Lazarillo de Tormes

Date of publication: 1554; 4 editions: Burgos, Alcalá de Henares, Amberes, Medina del Campo

Autor: anonymous

Structure: Prologue and seven chapters (tratados); circular and united by the 'matter' (“caso”)

Style: pseudo-autobiographical (narrated in first person); mimetic (realism) allegiance to reality; black humour; use of asides; irony

Narrator: first person; duality Lazarillo/Lázaro; and anti-heroe

Themes: hunger (principle motive); honor (the squire); religion, society

Realismo: critical vision of society of the epoch of Charles V (beggars, nobility, clergy)

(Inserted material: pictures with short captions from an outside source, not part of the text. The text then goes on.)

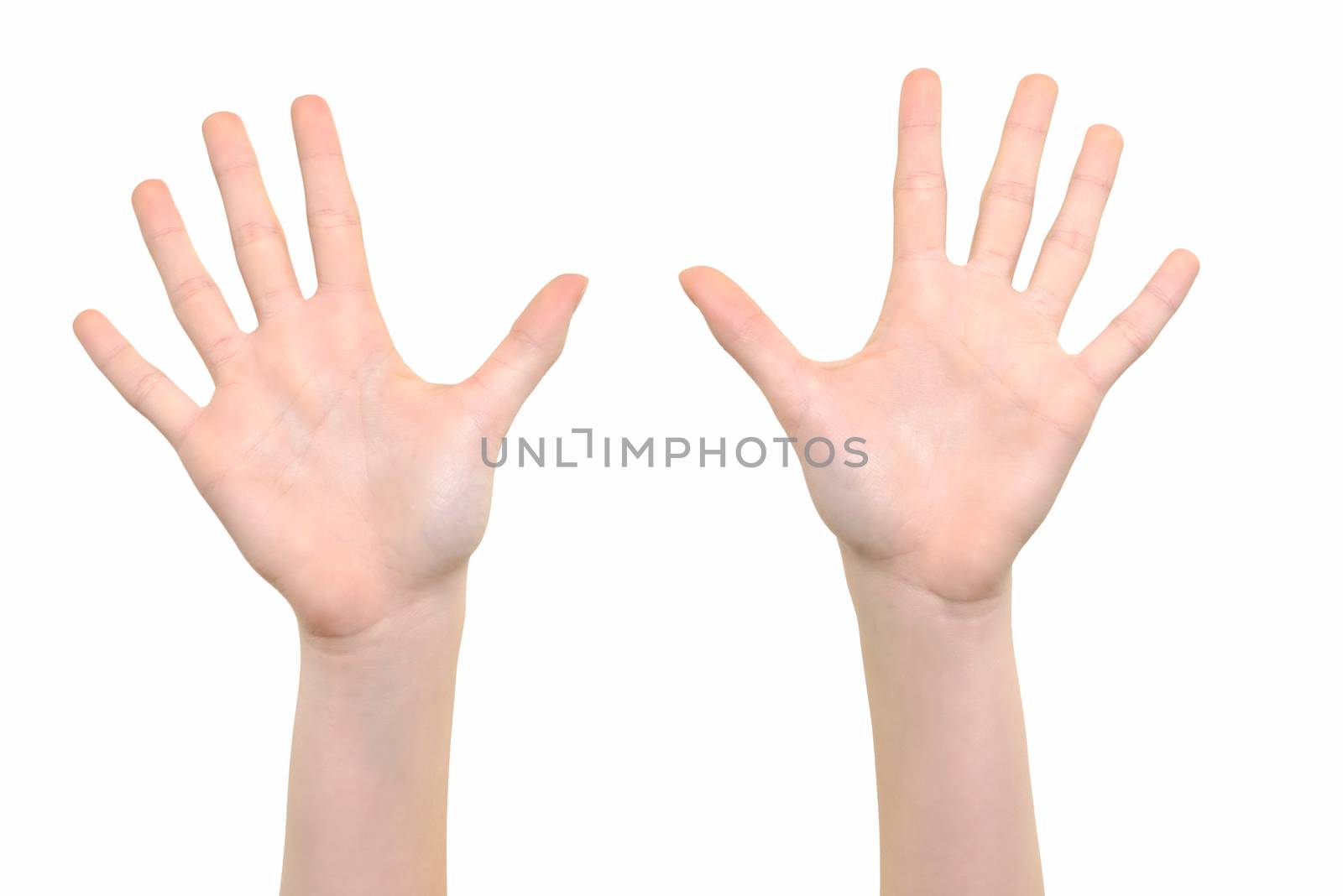 Caucasian white girl is showing her hands with open palms on a white background in close-up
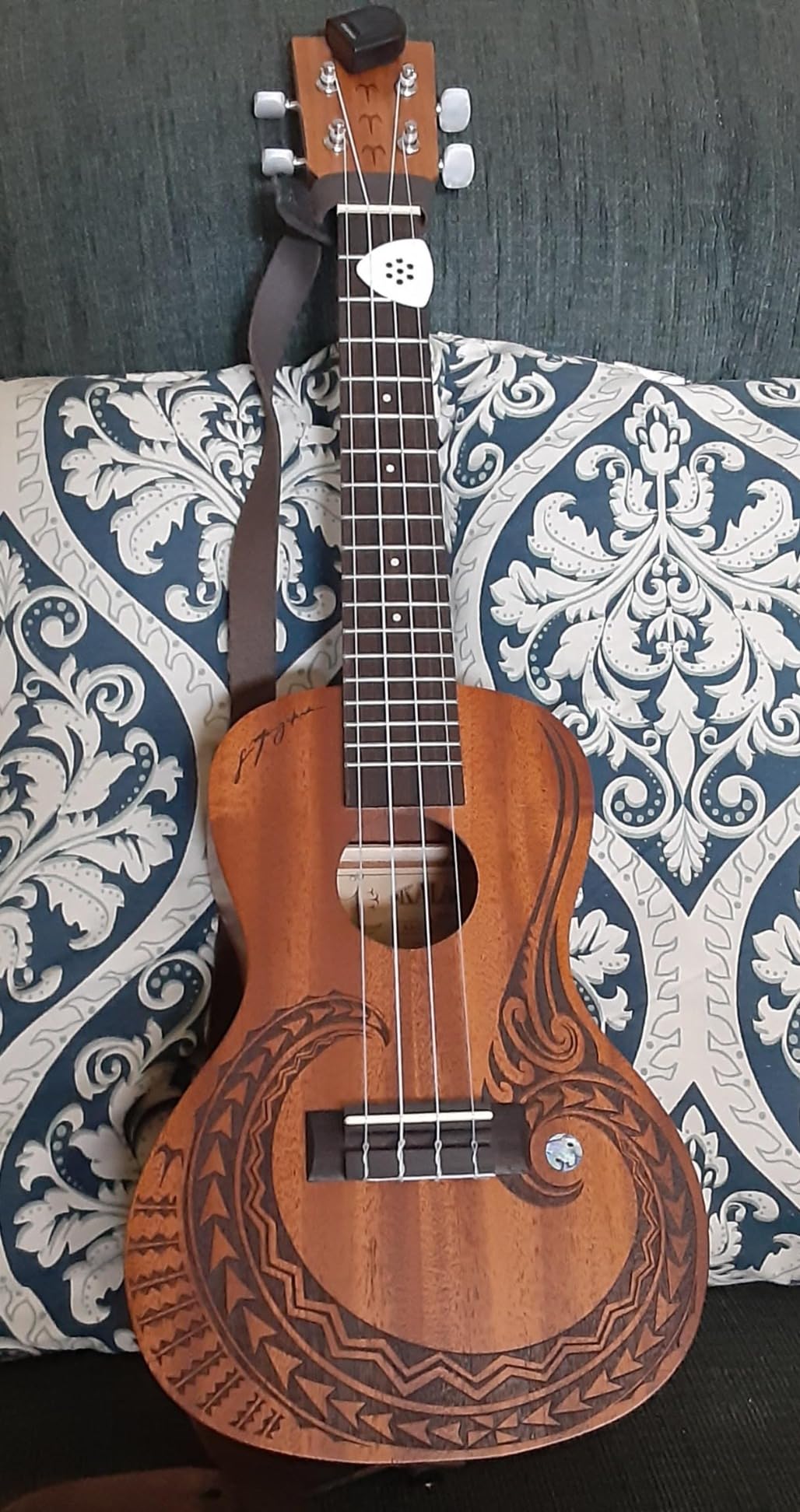 Kala Voyage Collection Unity Concert Ukulele (KA-UNITY-C) customer photo 1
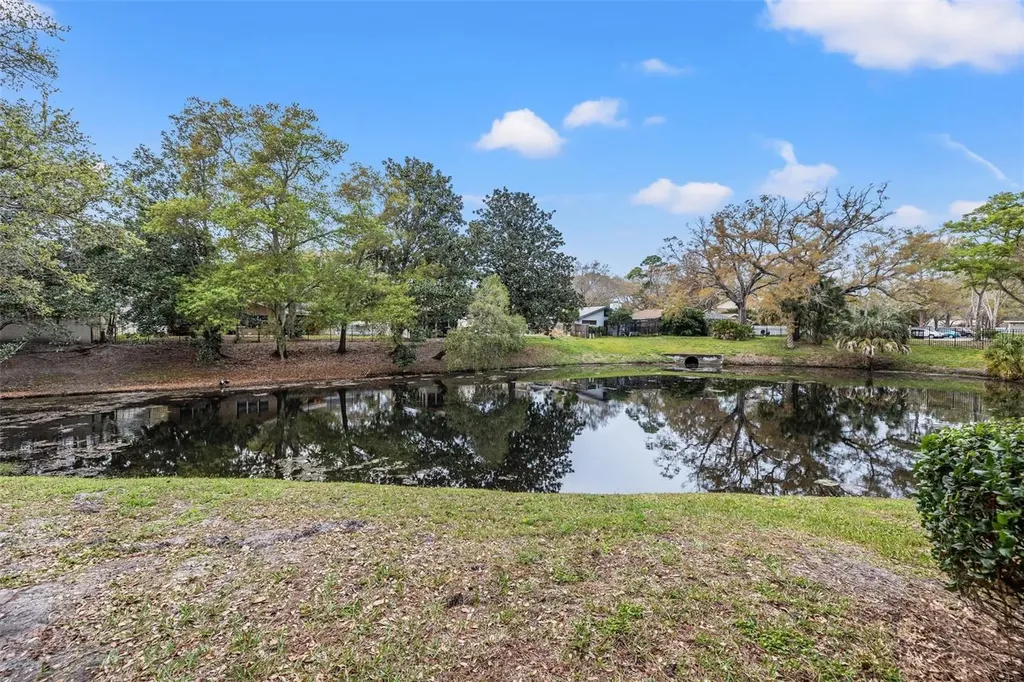 3038 Eastland Boulevard Clearwater FL 33761
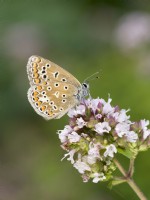 Polyommatus icarus - Common blue butterfly on thyme flowers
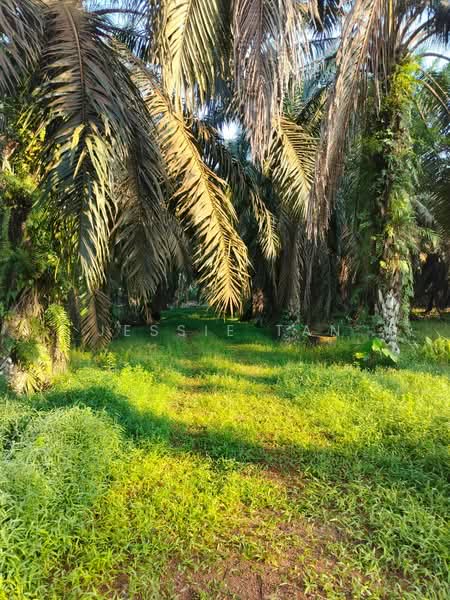 Agricultural Land for Sale in Bukit Batu (Sedenak) - Jessie Tan - Garden - PropertyGuru.com.my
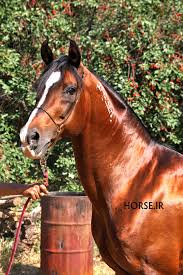 Image result for IRAN HORSES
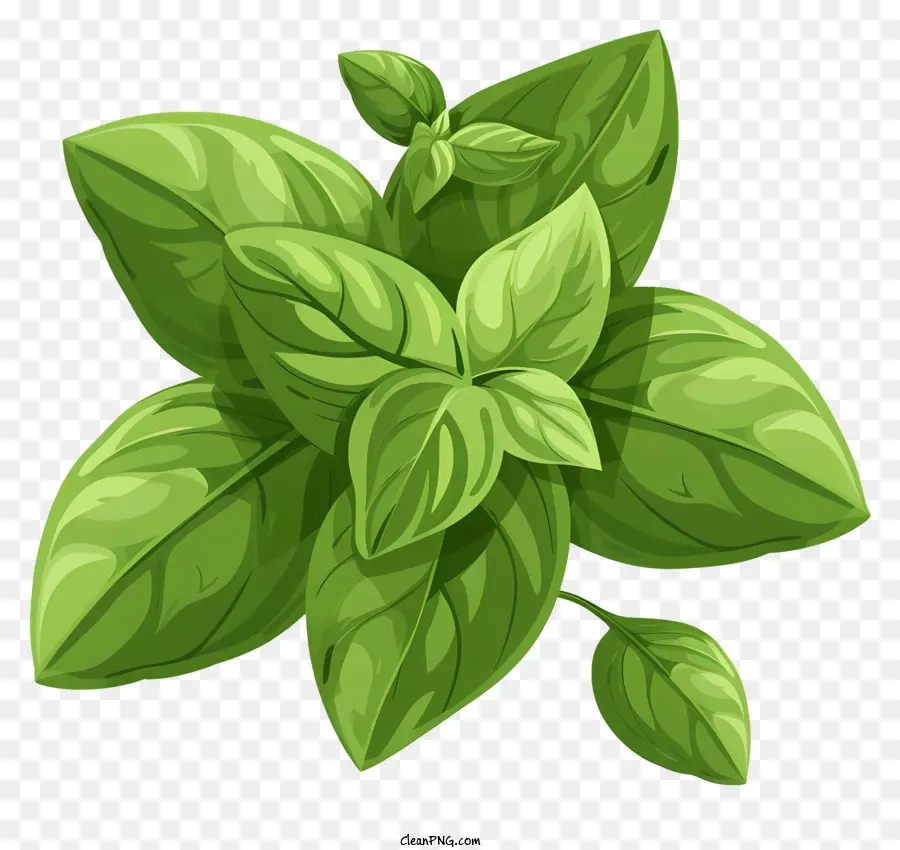 Manjericão，Planta Verde PNG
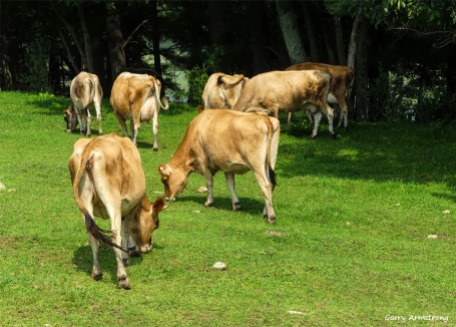 180-Cows-Farm-GAR-170818_109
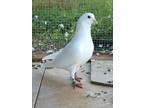 Adopt Xiya w/Penelope a White Pigeon bird in San Francisco, CA (41530927)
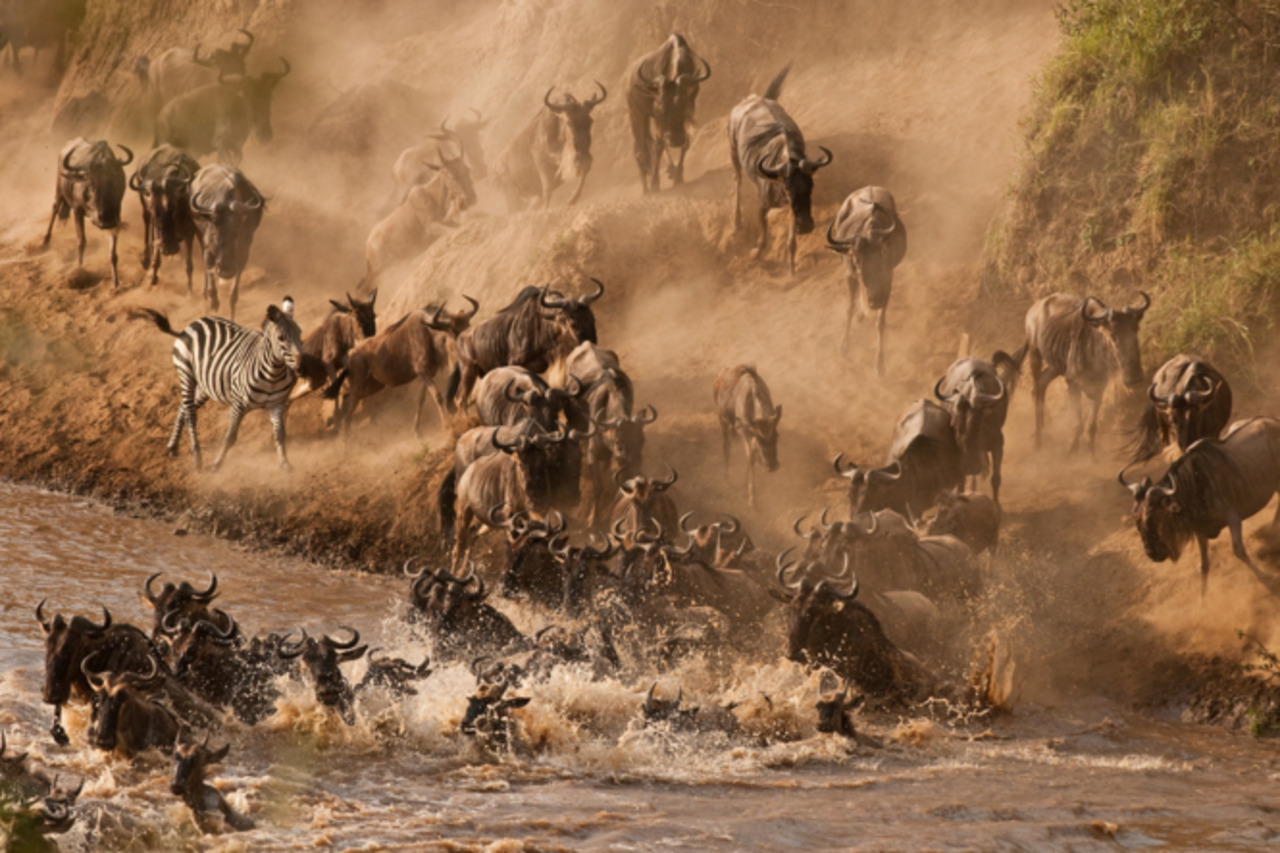 RT @africapoint: Don't miss this year's Wildebeest Migration at the Mara. #Kenya #Wildlife #wildlifephotography #adventuretravel https://t.co/oGbkTG7aOB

Folklore: episodes with the blind man

Characteristics of a picaro: marginal figure without a sense of honor; orphan; serves many masters; lives by his wits and cleverness; contrast with the heroes of the books of chivalry in vogue at the time such as Amadís de Gaula, an anti-heroe; the story of the development/education of the protagonist into adulthood; a reflection, retrospective view of his life; a histor, observer

Problems of defining the picaresque genre: How to define it? By structure and narrator/protagonist in first person? Consists of loosely bound episodes told by an orphan. By its discourse? Criticism of society? Different approaches to its definition.